Exclude the pictures and set down, unaltered, the lines from the one that holds "EP | Blazer élégant pour femme avec ceinture" through the end of the data.

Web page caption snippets
----
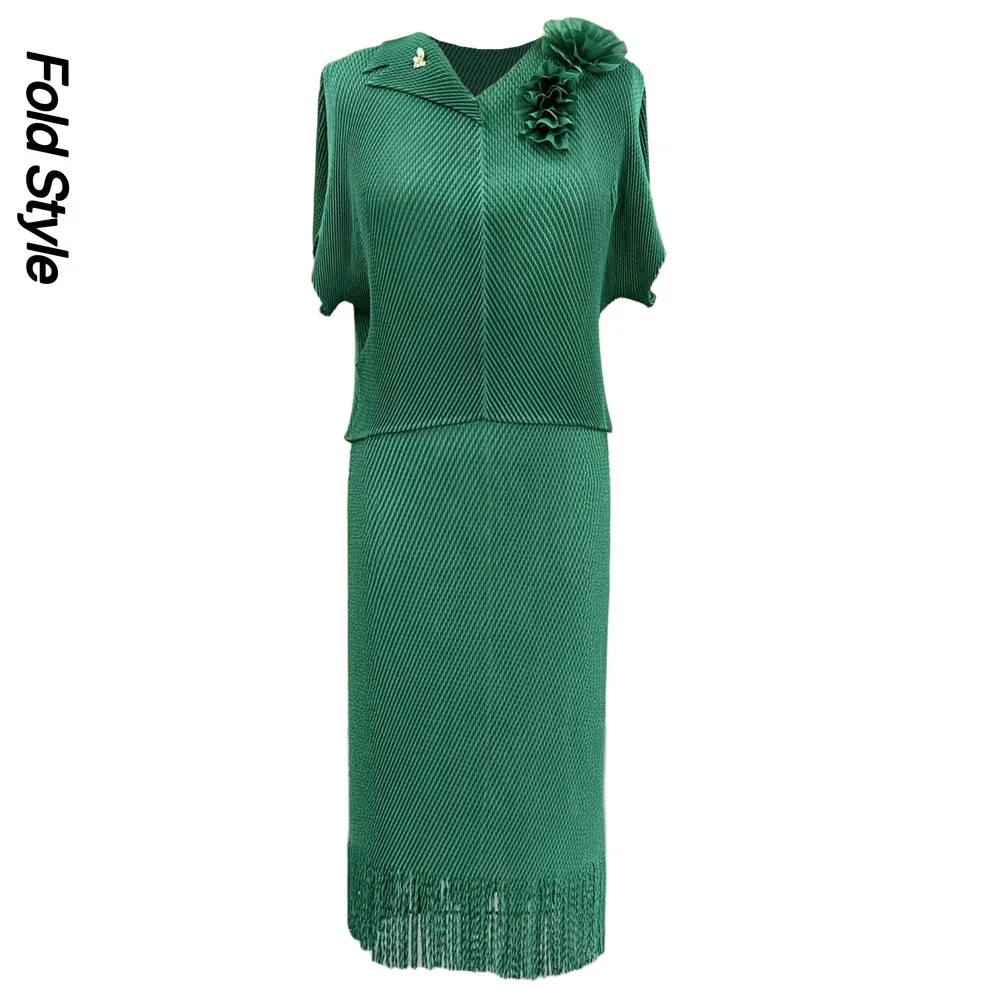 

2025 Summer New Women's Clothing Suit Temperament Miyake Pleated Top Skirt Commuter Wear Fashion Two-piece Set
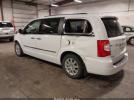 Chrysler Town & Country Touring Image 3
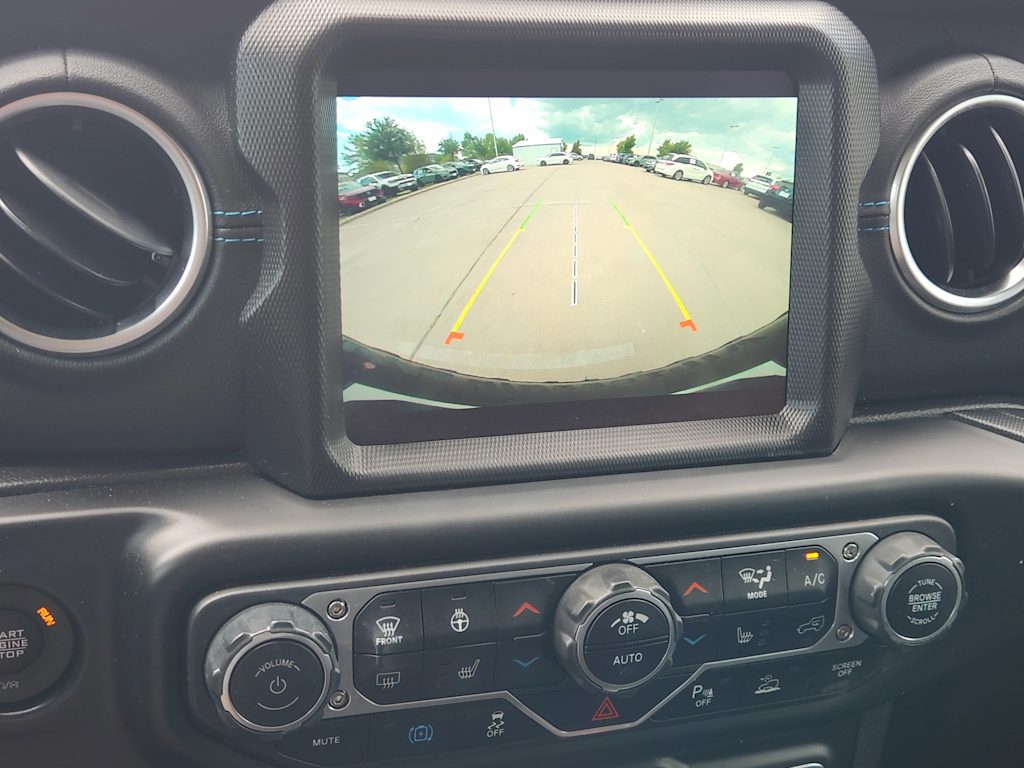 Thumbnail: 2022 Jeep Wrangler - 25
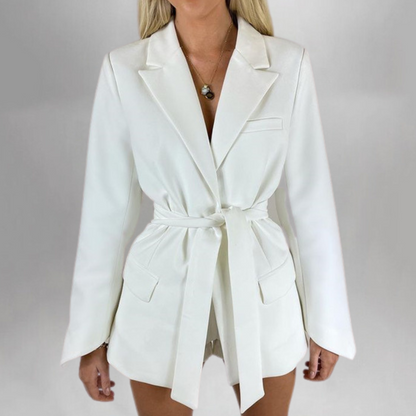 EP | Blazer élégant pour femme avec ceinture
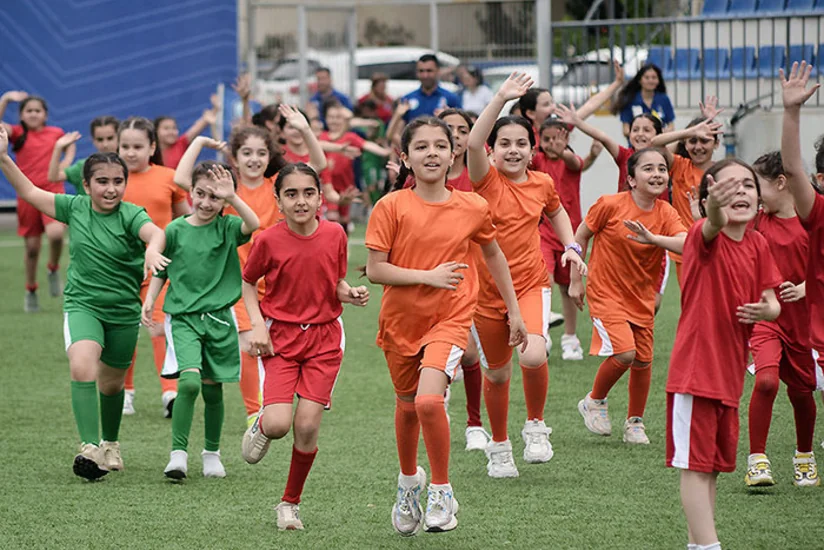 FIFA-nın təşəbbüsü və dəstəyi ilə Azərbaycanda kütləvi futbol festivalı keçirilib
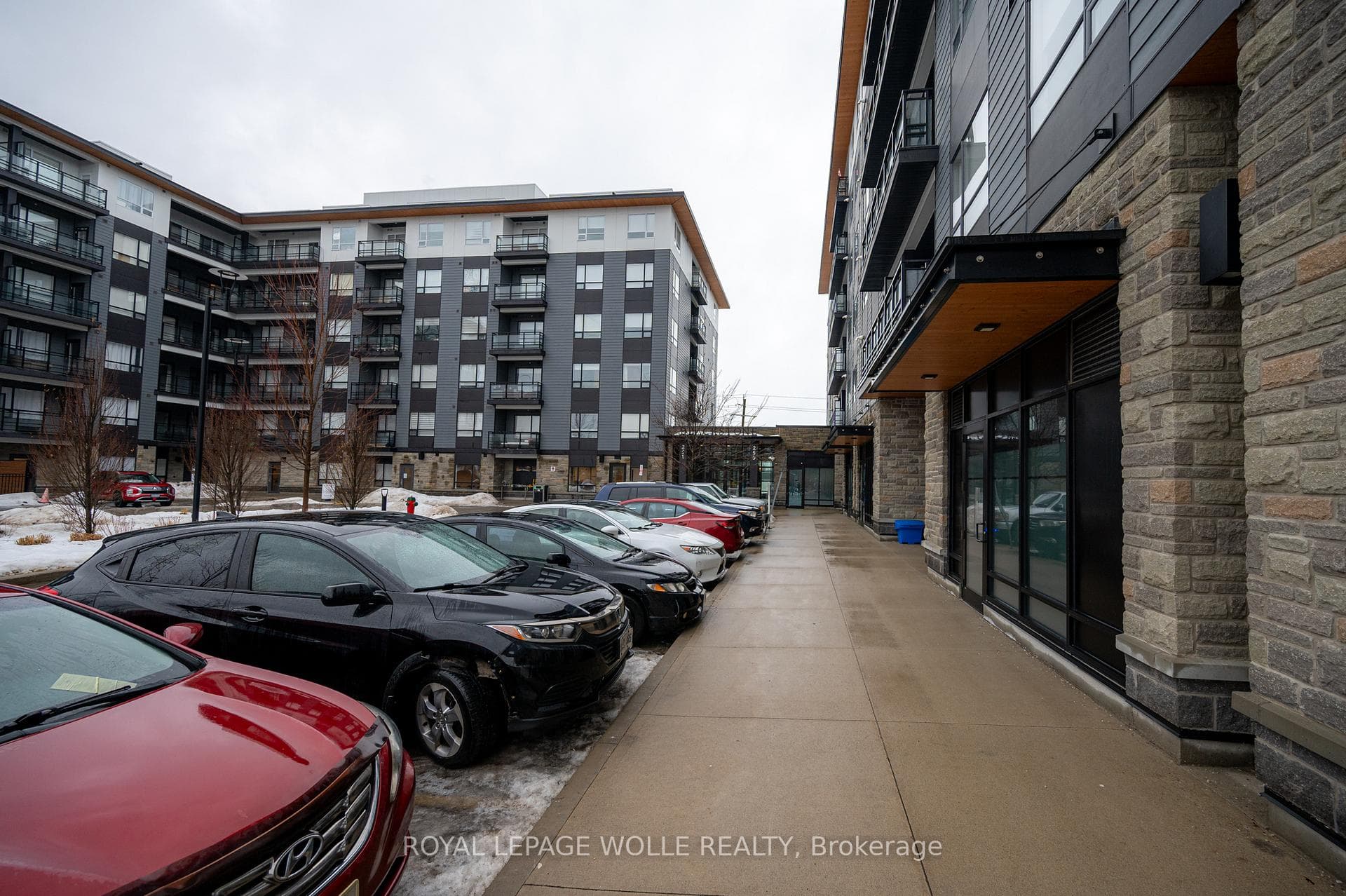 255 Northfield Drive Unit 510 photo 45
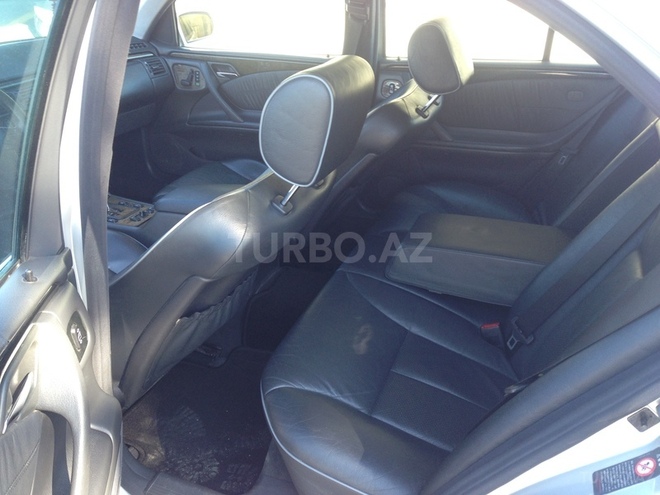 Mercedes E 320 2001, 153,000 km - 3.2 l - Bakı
----
▶ SOLUTION TO THIS TASK:
 EP | Blazer élégant pour femme avec ceinture
 FIFA-nın təşəbbüsü və dəstəyi ilə Azərbaycanda kütləvi futbol festivalı keçirilib
 255 Northfield Drive Unit 510 photo 45
 Mercedes E 320 2001, 153,000 km - 3.2 l - Bakı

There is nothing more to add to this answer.